News: Jailed “internet research” contempt juror’s case goes to Strasbourg

4 12 2013

Attorney GeneralThe case of Theodora Dallas, the juror found to be in contempt of court after conducting online research, is now being considered by the European Court of Human Rights. She was found guilty of contempt and sentenced to 6 months imprisonment ([2012] EWHC 156 (Admin)). She subsequently applied to the Court of Human Rights which has now communicated the case to the UK government.

Ms Dallas was a juror in a trial at the Luton  Crown Court in July 2011. She carried out some research on the internet and told other members of the jury that a previous conviction of the defendant had involved an allegation of rape.  had found out about the defendant, Barry Medlock, who was on trial for causing grievous bodily harm. The jury was discharged after another juror drew the matter to the attention of the Court.

The Attorney-General applied for an order for committal for contempt.  The matter was heard in January 2012 by the Lord Chief Justice, Hallett LJ and Openshaw J.  The Court concluded

“We have no doubt that the defendant knew perfectly well, first, that the judge had directed her, and the other members of the jury, in unequivocal terms, that they should not seek information about the case from the internet; second, that the defendant appreciated that this was an order; and, third, that the defendant deliberately disobeyed the order. By doing so, before she made any disclosure to her fellow jurors, she did not merely risk prejudice to the due administration of justice, but she caused prejudice to it. This was because she had sought to arm and had armed herself with information of possible relevance to the trial which, although not adduced in evidence, might have played its part in her verdict. The moment when she disclosed any of that information to her fellow jurors she further prejudiced the administration of justice. In the result, the jury was rightly discharged from returning a verdict and a new trial was ordered. The unfortunate complainant had to give evidence of his ordeal on a second occasion. The time of the other members of the jury was wasted, and the public was put to additional unnecessary expense. The damage to the administration of justice is obvious” A-G v Dallas [2012] EWHC 156 (Admin), [38].

The case was widely reported at the time – for example in the Guardian,  the Daily Telegraph, and on the BBC website.

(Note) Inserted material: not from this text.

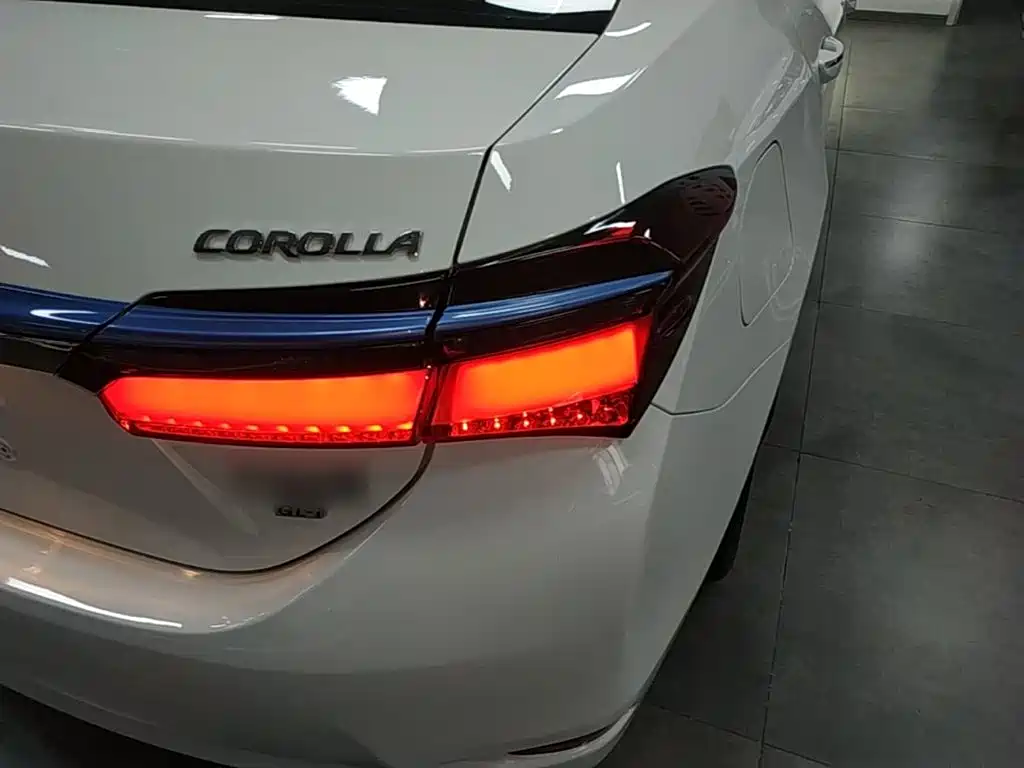 Toyota Corolla Hybrid — миниатюра 8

On 13 June 2012, Ms Dallas lodged an application with the Court of Human Rights making the following complaints:

  • Under Article 6 §§ 1 and 3 (a) – that there was a failure to particularise the offence until judgment was given and a failure to inform her promptly of the nature and cause of the contempt application;
  • Under Article 7,  that she was found guilty of a criminal offence on account of an act which did not constitute a criminal offence at the time when it was committed, referring in particular to the new test for liability formulated by the Divisional Court; the lack of clarity of the trial judge’s direction on internet use and the absence of any penal warning by the trial judge; and the legal distinction between an order and a direction;
  • Under Article 5 § 1 that, in light of the alleged violations of Articles 6 and 7 of the Convention, her detention did not fall within the lawful grounds set out in Article 5 § 1 (a) or (b).

The application has now been “communicated” – in other words the UK Government has been asked for its comments.  The Court has asked the following question of the parties:

Did the act of which the applicant was convicted constitute a “criminal offence under national law” at the time when it was committed, for the purposes of Article 7 of the Convention, having regard to the test for contempt of court set out and applied by the Divisional Court in paragraph 38 of its judgment and the test outlined in previous domestic judgment judgments?